A rare U.K. £5 note thought to be worth tens of thousands times more than its face value has been found in a Christmas card.
The note is one of only four engraved with an image of Jane Austen, with each featuring a quotation from one of her novels.
They are the work of Graham Short, a British artist specializing in miniature engravings, in a project launched by the Tony Huggins-Haig Gallery in Scotland. The notes are intended to celebrate the 200th anniversary of Austen's death later this year.
Tony Huggins-Haig, speaking to CNBC via telephone, described the notes as "almost a Willy Wonka golden ticket." He explained that the fivers – being of low monetary value – were "likely to end up in anybody's pocket" and were also important as a means of "bringing art to people."
The notes were released secretly around the U.K. in early December.
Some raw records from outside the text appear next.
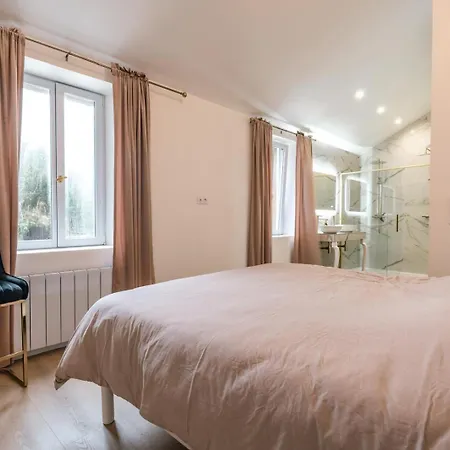 Villamoon Maison Vue Sur Le Port Et La Close 아파트 콩카르노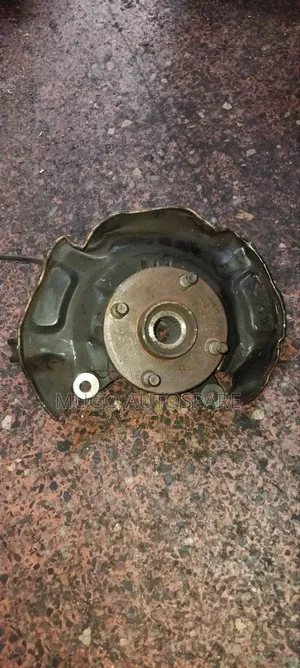 Hubu ya Mbele Toyota Fielder Model Mpya
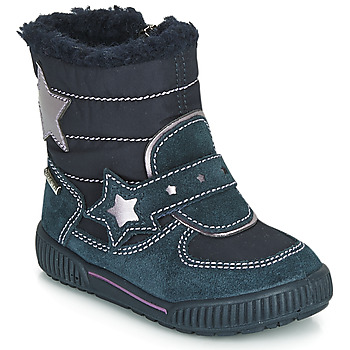 Pantofi Fete Cizme de zapadă Primigi RIDE 19 GORE-TEX Albastru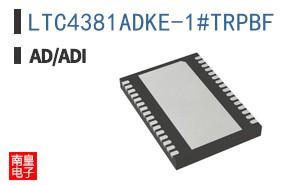 LTC4381ADKE-1#TRPBF
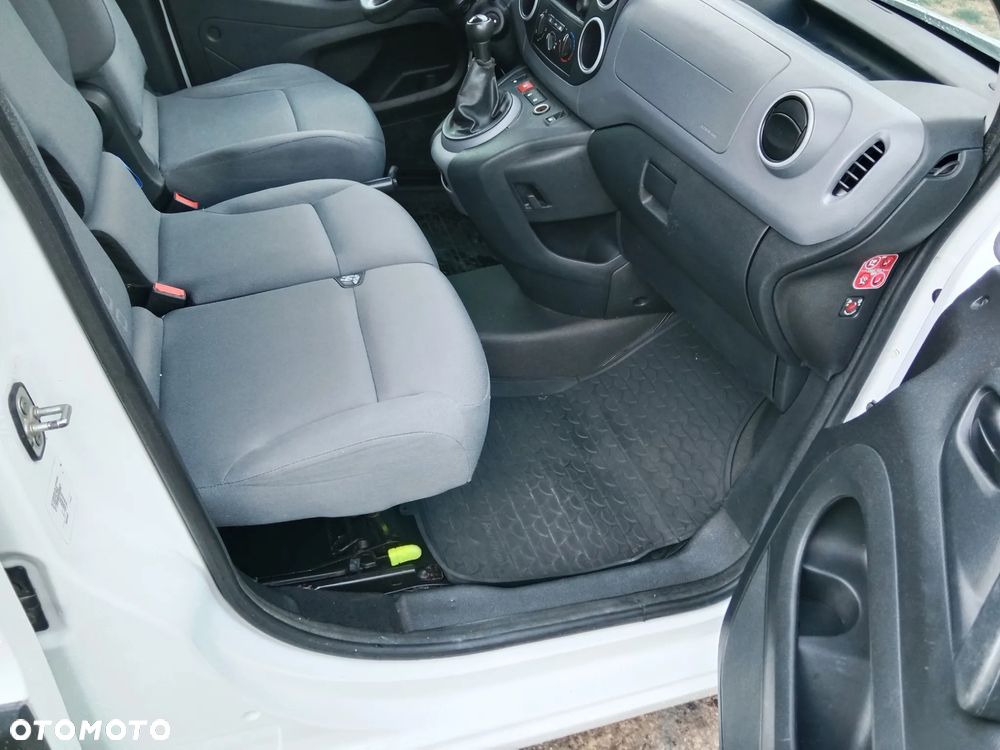 Citroën Berlingo - 11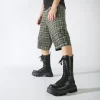 Men BUFFALO Men Shoes^Flora Laceup Hi Men'S Vegan Boot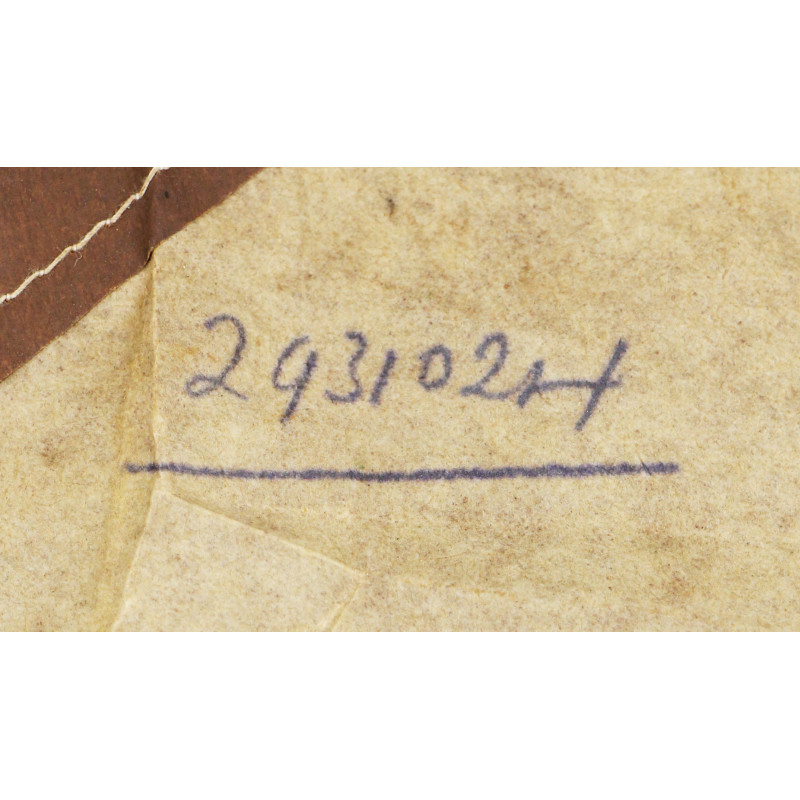 Brassard de détection des gaz, 1940
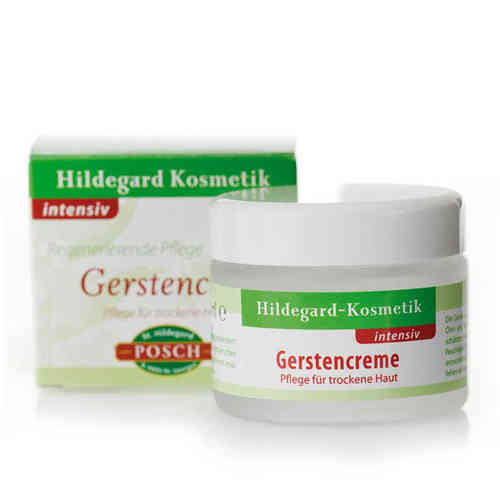 Viriditas Gersten-Pflegecreme intensiv 50 ml - St. Hildegard Posch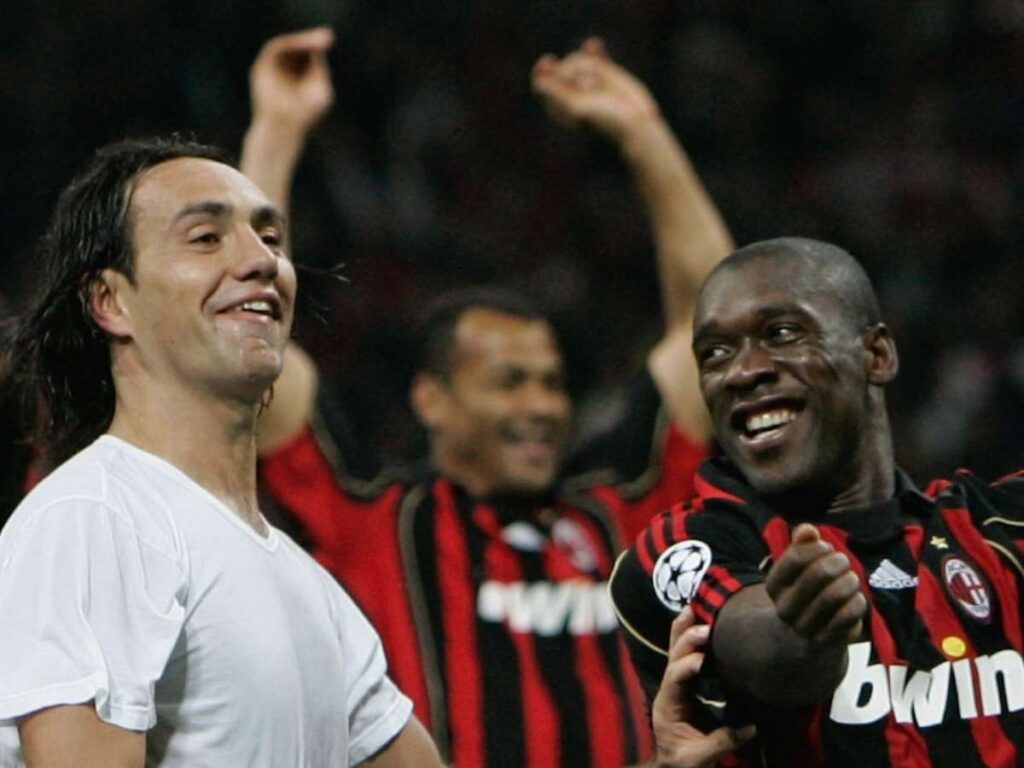 Nesta rivela: "Con Seedorf tanti scontri, ma sempre per il bene del Milan"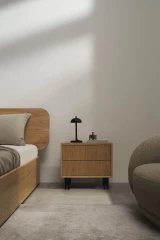Element night stand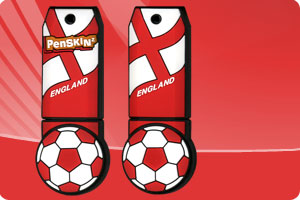 Cartoon USB Flash Drives:England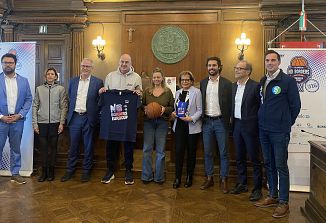 Zudek No Borders Euro Cup 2024: štiridnevni mladinski praznik košarke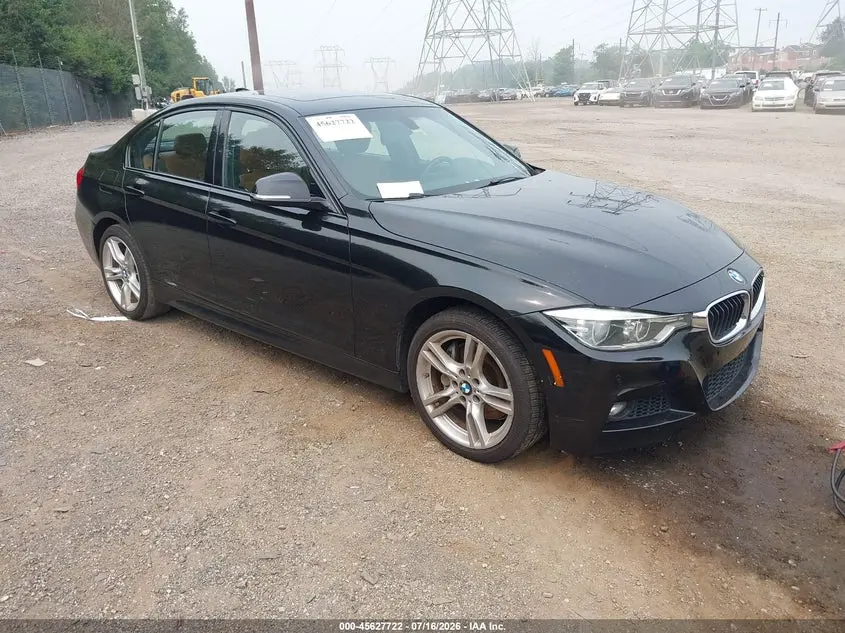 BMW 328I xDrive 2016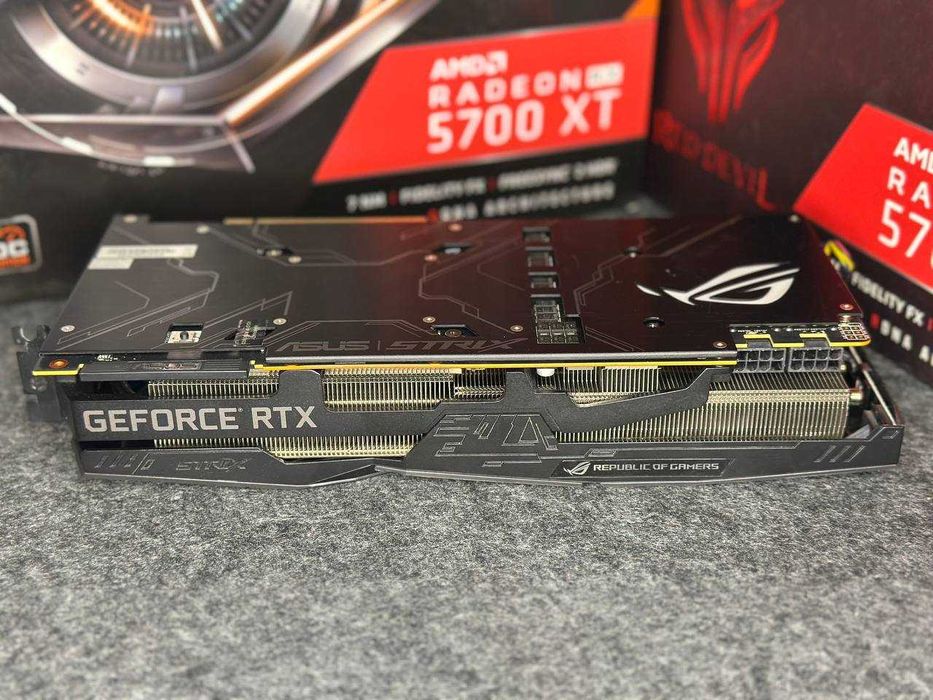 ASUS RTX 2070 Super ROG Strix 8GB | МАГАЗИН | Гарантія 90 днів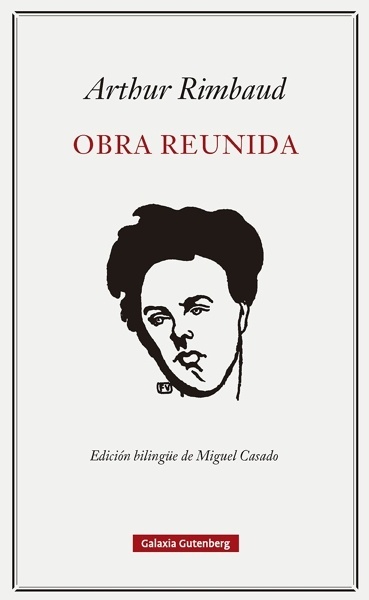 Obra reunida 'Edición bilingüe de Miguel Casado'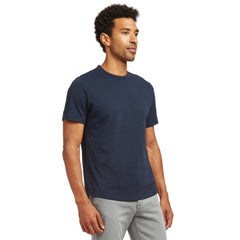 Curved Hem Driggs Tee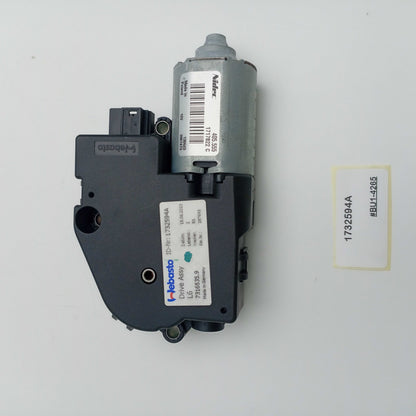 2013 BMW 750i Sunroof Motor 1732594A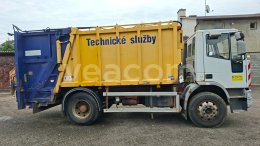 Online árverés: IVECO  MLC 150 E 18 K ZCFA1LD00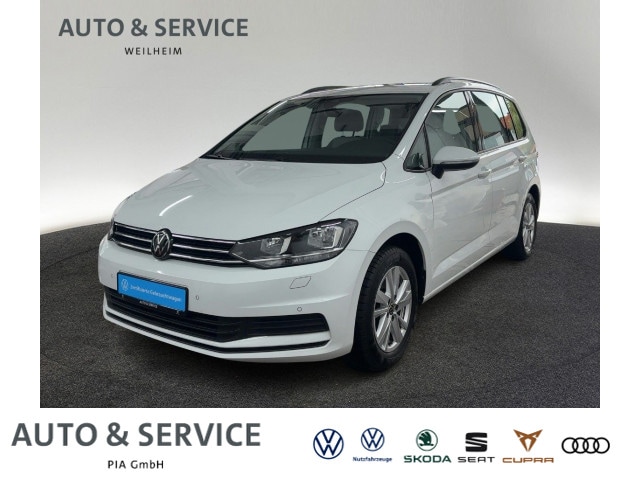 Volkswagen Touran 1.5 TSI Comfortline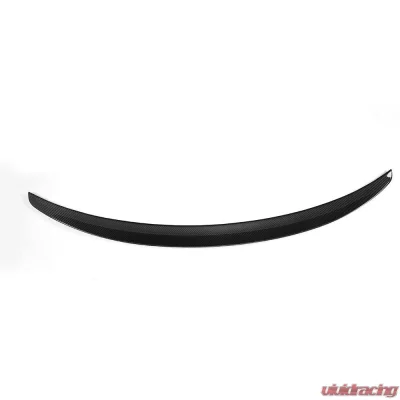 VR Aero Carbon Fiber Rear Trunk Spoiler V1 BMW M2 | 220i | 228i | M235i M Sport F87 F22 2014-2020 - VR-M2M235i-613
Huggins-Haig said that they were spent in local businesses.
The latest note is the second to be found, inside a Christmas card at the end of last year. All that is known about the finder is that s/he is "somebody in education," according to Huggins-Haig.
The first note turned up in a cafe in south Wales. Both finders have requested to remain anonymous, but have said that they intend to keep – rather than sell – their lucky fivers.
Huggins-Haig said that Short's artwork usually retails for between £50,000 to £100,000 ($61,490 to $122,980) or more. He approximated that the notes were worth at least £20,000.
Anyone finding one of the engraved notes should contact the Tony Huggins-Haig Gallery.
Iconic nineteenth-century novelist Jane Austen is set to feature more prominently on the U.K.'s currency, with her image being displayed on new £10 notes put into circulation in the summer of this year.